Anstatt die Beine in die Hand zu nehmen und wegzulaufen, was durchaus angebracht und eine normale Reaktion auf Gefahr wäre (nicht immer leicht zu realisieren), geschieht etwas Seltsames.
Die Überlebenden haben Mitgefühl. Ich sage es hier ganz deutlich: Dieses Mitgefühl kann, je nach Ausprägung des Narzissmus, tödlich sein und geht in jedem Fall auf Kosten der eigenen Gesundheit.
Das Mitgefühl entsteht, weil das toxische Verhalten des Partners oder der Partnerin falsch erklärt wird. Oft wird es mit Überforderung, Verletzlichkeit oder Kindheitstraumata erklärt. Da kommt dieses seltsame Mitgefühl. Die Überlebenden verhalten sich, als hätten sie es mit einem Dreijährigen zu tun, der in seiner Trotzphase einen Wutanfall hat. Das ist nicht der Fall.

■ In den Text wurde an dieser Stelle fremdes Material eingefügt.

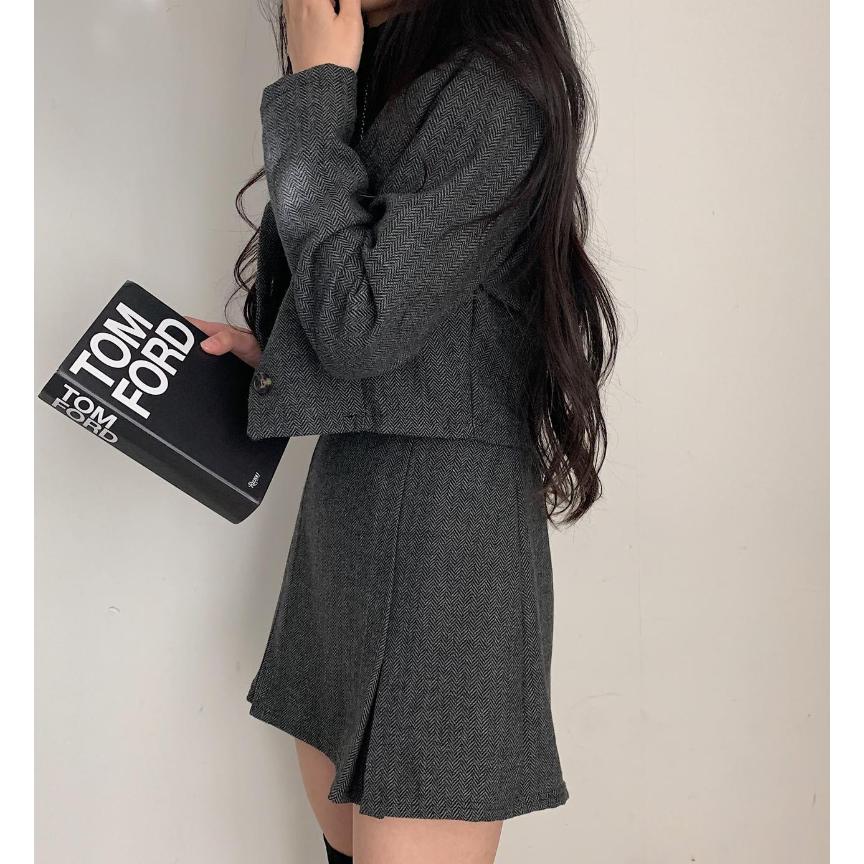 【韓系氣質】VENUSY｜正韓🇰🇷 - 韓國東大門空運直送台灣｜小香風短版外套＋開衩短裙 (套裝)-細節圖8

Das toxische Verhalten findet statt, weil Narzissten sich absolut berechtigt fühlen, sich so zu verhalten. Sie sind in diesen Momenten auch nicht überfordert oder anderweitig extrem belastet. Sie bekommen einfach nicht genug narzisstische Zufuhr und brauchen die Abfuhr ihrer narzisstischen Wut. In anderen Momenten, in denen sie gut dastehen wollen, haben sie sich völlig unter Kontrolle. Du bist ihnen egal. Viele Narzissten sagen das auch ganz deutlich: Du bist mir egal.
Mitgefühl ist Teil der Traumabindung toxischer Beziehungen
Unangemessenes oder übertriebenes Mitgefühl ist eine Traumareaktion. Kinder brauchen Bindung, um zu überleben, und sie müssen glauben, dass Mutter oder Vater doch gut sind. Nur so können sie in dysfunktionalen Familien überleben. Mitgefühl ist also eine sinnvolle Überlebensstrategie. Das Problem: Es setzt sich später fort mit dem toxischen Partner, dem toxischen Chef etc.

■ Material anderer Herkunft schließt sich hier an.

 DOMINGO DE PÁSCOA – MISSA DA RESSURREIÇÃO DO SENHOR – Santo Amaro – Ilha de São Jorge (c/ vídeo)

Mitgefühl ist ein bewusster Vorgang. Davon zu unterscheiden ist das „Fawning“*. Fawning ist eine automatische, d.h. unbewusste Traumareaktion. Menschen unterwerfen sich, um Sicherheit zu finden und die Bindung aufrechtzuerhalten. Sie sind dabei leicht dissoziiert. Oft wundern sie sich später über ihr unterwürfiges Verhalten (vgl. Dr. Ramani).

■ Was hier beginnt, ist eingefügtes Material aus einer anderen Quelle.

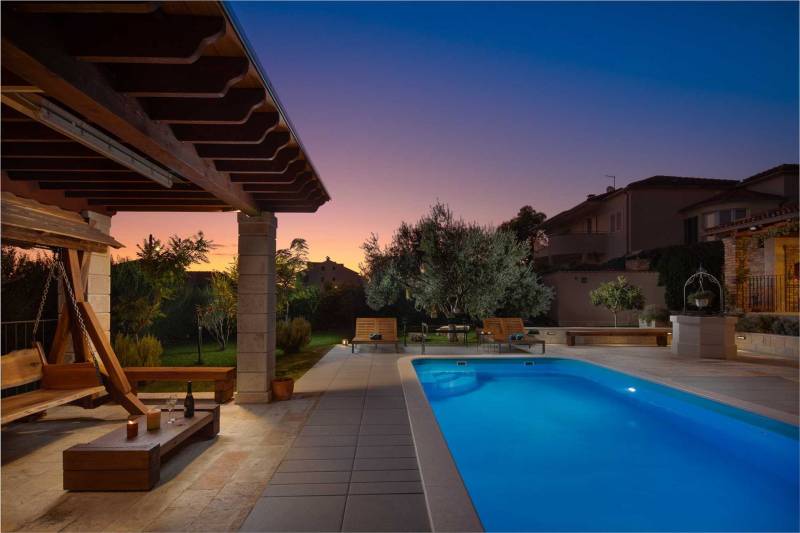 Villa Perunia with Pool Split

Je sicherer die Beziehung ist, desto weniger wird diese erlernte Traumareaktion ausgelöst.
Mitgefühl hingegen ist eine bewusste und aktive Reaktion, die auf höheren kognitiven Prozessen beruht.
Mitgefühl lässt Menschen in toxischen Beziehungen seelisch ausbluten. Denn sie bekommen von ihrem narzisstischen Partner nichts zurück.
Für hochsensible Menschen (ca. 20% der Bevölkerung und gleich verteilt zwischen den Geschlechtern) sind toxische Beziehungen daher eine Katastrophe (vgl. Dr. Ramani). Vielleicht haben diese Menschen mehr Spiegelneuronen, jedenfalls springt ihr Mitgefühl extrem leicht an. Sie müssen sich also regelrecht davor schützen.
Take Home Message: Mitgefühl für Narzissten, die dir schreckliche Dinge angetan haben (z.B. Eltern, die dir deine Kindheit geraubt haben, Partner, die dein Leben zerstört haben) schadet dir, lässt dich seelisch ausbluten und hält dich im toxischen Nebel.
*Fight, Flight, Freeze, and Fawn sind automatische Reaktionen des sympathischen Nervensystems auf extreme Gefahr. Bei traumatisierten Menschen werden diese Reaktionen durch sogenannte Trigger ausgelöst.
Hinweis: Narzissmus bezieht sich hier ausdrücklich nicht auf eine psychiatrische Diagnose bzw. Persönlichkeitsstörung, sondern auf Narzissmus als Persönlichkeitsstil.